* PROBLEM REQUIREMENTS *
I'd like an exact copy of every line from the start of the entries below through the line containing "Photo of Others in Ko Lanta", please.

* SUPPLIED DATA *
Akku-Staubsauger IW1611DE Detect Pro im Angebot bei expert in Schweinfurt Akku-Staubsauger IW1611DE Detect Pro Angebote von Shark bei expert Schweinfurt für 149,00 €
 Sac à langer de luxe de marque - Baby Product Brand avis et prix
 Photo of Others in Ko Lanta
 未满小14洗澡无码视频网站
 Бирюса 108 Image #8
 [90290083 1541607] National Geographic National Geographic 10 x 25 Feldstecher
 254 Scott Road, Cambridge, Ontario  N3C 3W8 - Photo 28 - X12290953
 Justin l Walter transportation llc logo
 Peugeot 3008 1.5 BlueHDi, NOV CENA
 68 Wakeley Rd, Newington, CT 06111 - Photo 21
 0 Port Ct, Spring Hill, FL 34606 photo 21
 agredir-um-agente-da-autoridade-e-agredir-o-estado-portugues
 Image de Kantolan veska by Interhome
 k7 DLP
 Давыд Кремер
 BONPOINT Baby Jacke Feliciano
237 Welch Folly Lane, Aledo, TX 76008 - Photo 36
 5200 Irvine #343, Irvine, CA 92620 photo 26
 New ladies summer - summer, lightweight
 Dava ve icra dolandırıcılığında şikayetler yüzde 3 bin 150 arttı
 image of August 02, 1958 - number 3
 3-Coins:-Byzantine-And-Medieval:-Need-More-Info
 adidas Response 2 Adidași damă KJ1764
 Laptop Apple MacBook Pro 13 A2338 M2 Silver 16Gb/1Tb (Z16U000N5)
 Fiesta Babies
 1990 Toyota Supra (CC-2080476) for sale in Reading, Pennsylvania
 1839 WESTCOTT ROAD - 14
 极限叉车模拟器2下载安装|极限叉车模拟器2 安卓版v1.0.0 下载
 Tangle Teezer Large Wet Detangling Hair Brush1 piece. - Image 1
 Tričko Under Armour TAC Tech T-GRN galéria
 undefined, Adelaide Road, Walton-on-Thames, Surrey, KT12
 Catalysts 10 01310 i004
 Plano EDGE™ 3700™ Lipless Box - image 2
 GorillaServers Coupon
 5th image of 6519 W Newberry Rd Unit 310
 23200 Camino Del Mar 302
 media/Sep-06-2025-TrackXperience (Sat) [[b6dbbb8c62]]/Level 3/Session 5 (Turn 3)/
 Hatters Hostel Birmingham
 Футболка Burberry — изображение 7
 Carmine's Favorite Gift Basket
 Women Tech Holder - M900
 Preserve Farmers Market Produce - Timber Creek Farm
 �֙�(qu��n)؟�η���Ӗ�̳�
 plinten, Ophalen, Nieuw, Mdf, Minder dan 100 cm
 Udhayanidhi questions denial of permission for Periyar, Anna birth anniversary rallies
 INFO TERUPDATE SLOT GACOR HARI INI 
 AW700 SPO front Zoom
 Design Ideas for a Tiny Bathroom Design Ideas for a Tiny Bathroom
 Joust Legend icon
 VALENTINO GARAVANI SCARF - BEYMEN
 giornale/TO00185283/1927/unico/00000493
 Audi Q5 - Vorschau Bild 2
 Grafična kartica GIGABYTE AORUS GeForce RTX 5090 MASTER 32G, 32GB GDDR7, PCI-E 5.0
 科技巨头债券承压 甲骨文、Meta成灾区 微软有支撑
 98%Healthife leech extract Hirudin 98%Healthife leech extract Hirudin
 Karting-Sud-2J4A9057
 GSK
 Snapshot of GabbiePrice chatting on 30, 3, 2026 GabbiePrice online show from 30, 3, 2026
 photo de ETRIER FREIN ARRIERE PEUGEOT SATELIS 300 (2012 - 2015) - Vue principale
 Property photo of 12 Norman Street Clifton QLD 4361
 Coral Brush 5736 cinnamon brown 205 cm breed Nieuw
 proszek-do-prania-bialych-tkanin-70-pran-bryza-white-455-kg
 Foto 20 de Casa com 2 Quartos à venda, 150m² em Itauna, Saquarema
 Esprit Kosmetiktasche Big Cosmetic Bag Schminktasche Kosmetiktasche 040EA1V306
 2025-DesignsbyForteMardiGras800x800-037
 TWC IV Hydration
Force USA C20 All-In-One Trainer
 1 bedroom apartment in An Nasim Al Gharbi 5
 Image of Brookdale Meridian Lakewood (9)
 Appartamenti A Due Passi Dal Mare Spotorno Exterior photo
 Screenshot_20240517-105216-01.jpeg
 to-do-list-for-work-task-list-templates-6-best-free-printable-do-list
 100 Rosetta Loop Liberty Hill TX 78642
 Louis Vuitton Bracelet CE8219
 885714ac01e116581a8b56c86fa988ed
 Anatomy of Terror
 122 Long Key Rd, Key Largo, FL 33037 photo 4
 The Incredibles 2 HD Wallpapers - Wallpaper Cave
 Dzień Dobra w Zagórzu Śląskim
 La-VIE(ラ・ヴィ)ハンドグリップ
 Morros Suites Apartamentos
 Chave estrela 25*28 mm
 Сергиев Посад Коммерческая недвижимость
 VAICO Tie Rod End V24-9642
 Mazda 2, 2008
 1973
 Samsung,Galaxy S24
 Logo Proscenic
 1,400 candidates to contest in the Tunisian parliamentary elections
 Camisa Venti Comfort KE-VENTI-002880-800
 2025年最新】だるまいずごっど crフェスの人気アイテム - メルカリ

* EXERCISE OUTPUT *
Akku-Staubsauger IW1611DE Detect Pro im Angebot bei expert in Schweinfurt Akku-Staubsauger IW1611DE Detect Pro Angebote von Shark bei expert Schweinfurt für 149,00 €
 Sac à langer de luxe de marque - Baby Product Brand avis et prix
 Photo of Others in Ko Lanta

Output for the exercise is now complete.